(What is expected): Give back exactly the lines starting at the one with "WOMEN SHORT - Picture 15 of 16" and ending at the last line of the data below. Pictures are not part of the copy.

-------

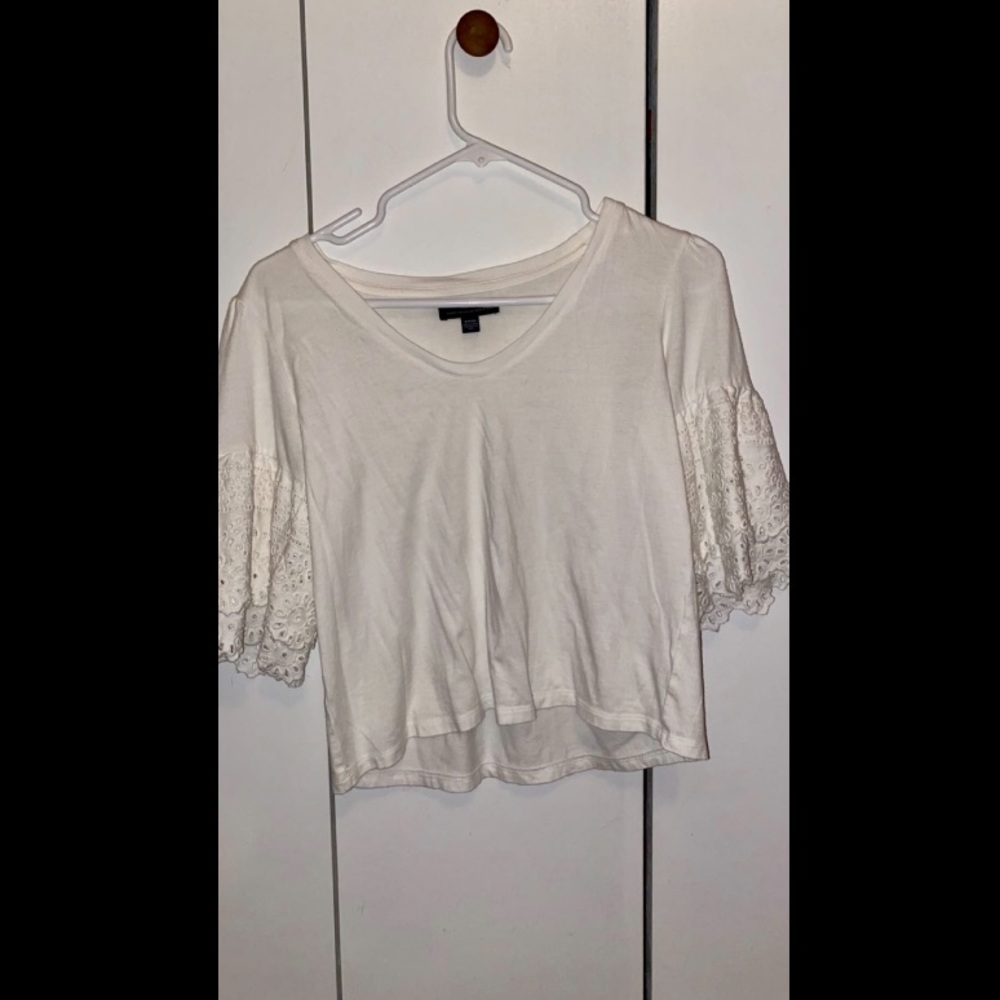 White American Eagle Tee with lace sleeves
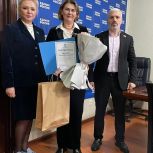 Елена Павлюченко наградила руководителей образовательных организаций республики за активное участие в программе по капремонту зданий в 2023 году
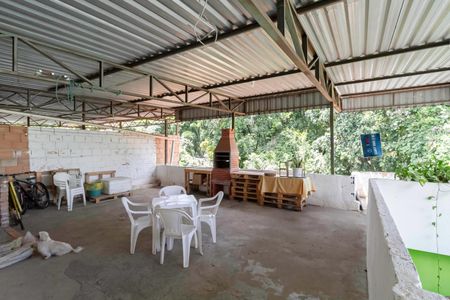 Casa para alugar com 120m², 2 quartos e 2 vagasTerraço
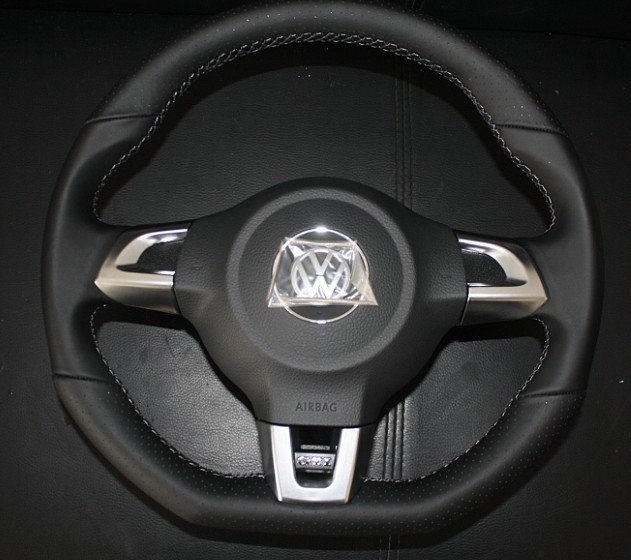 Кермо Volkswagen Passat 2010 р.  1.8 л бензин Чернівці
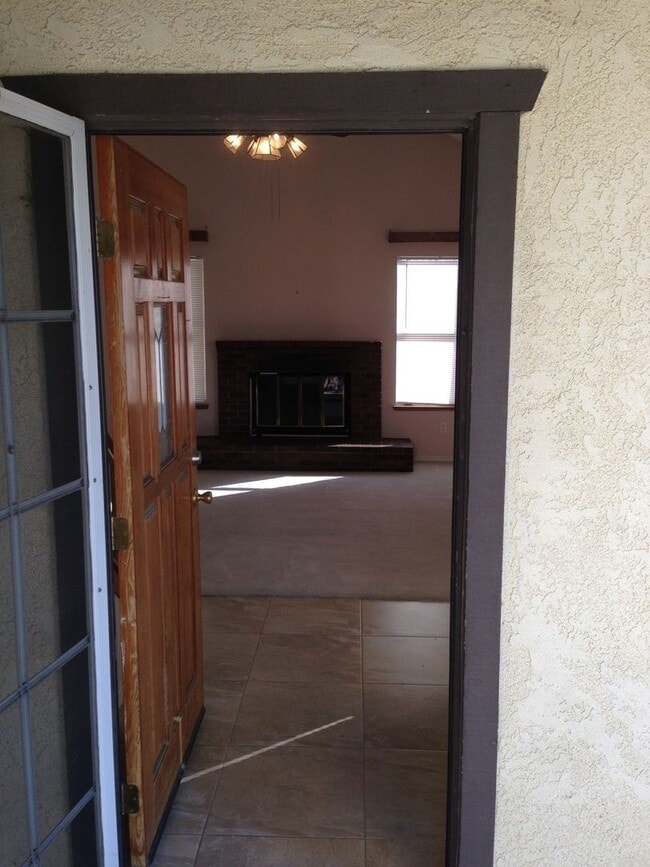 Building Photo - SW Bakersfield home!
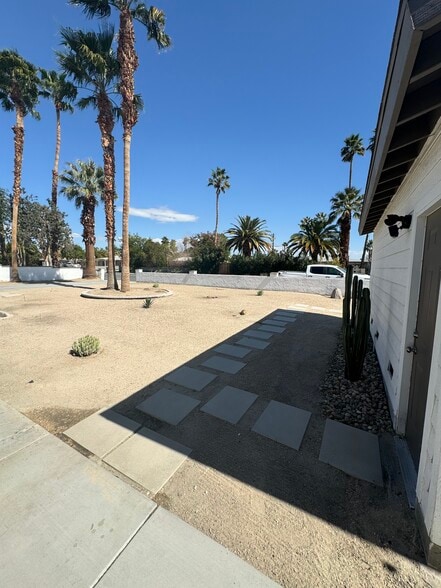 Building Photo - 32739 Shifting Sands Trl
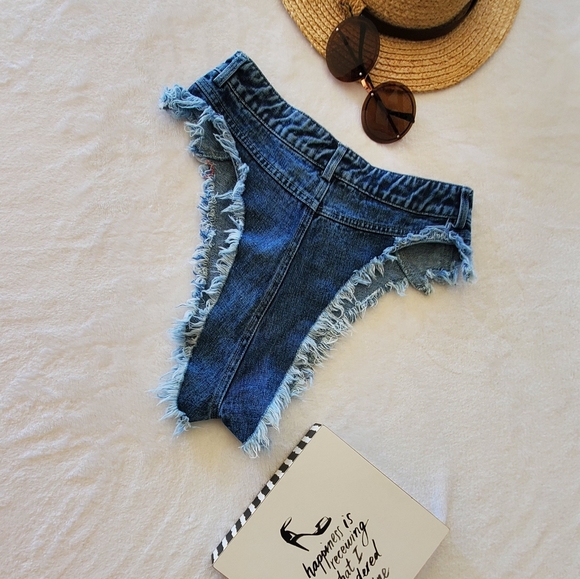 WOMEN SHORT - Picture 15 of 16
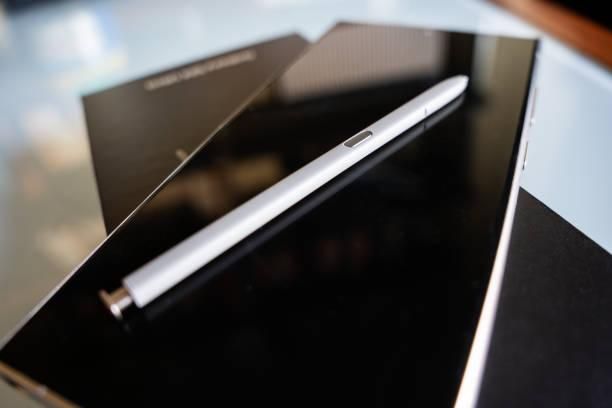 Galaxy S25 Ultra terá display Corning Gorilla Glass Armor 2, segundo rumor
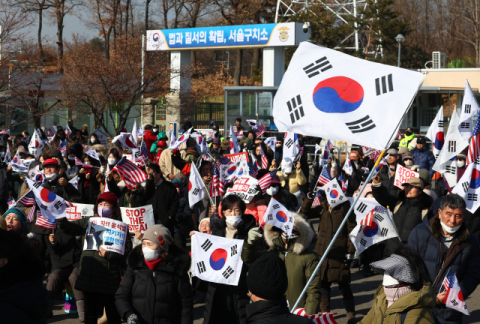 국힘, 민주당 지지율 역전…최재성 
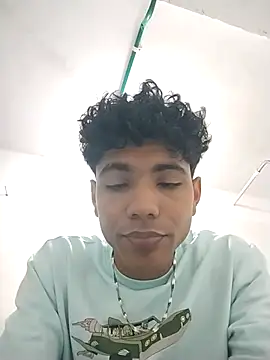 Alex Sweeting online show from March 23, 5:18 am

-------

(Task result):
 WOMEN SHORT - Picture 15 of 16
 Galaxy S25 Ultra terá display Corning Gorilla Glass Armor 2, segundo rumor
 국힘, 민주당 지지율 역전…최재성 
 Alex Sweeting online show from March 23, 5:18 am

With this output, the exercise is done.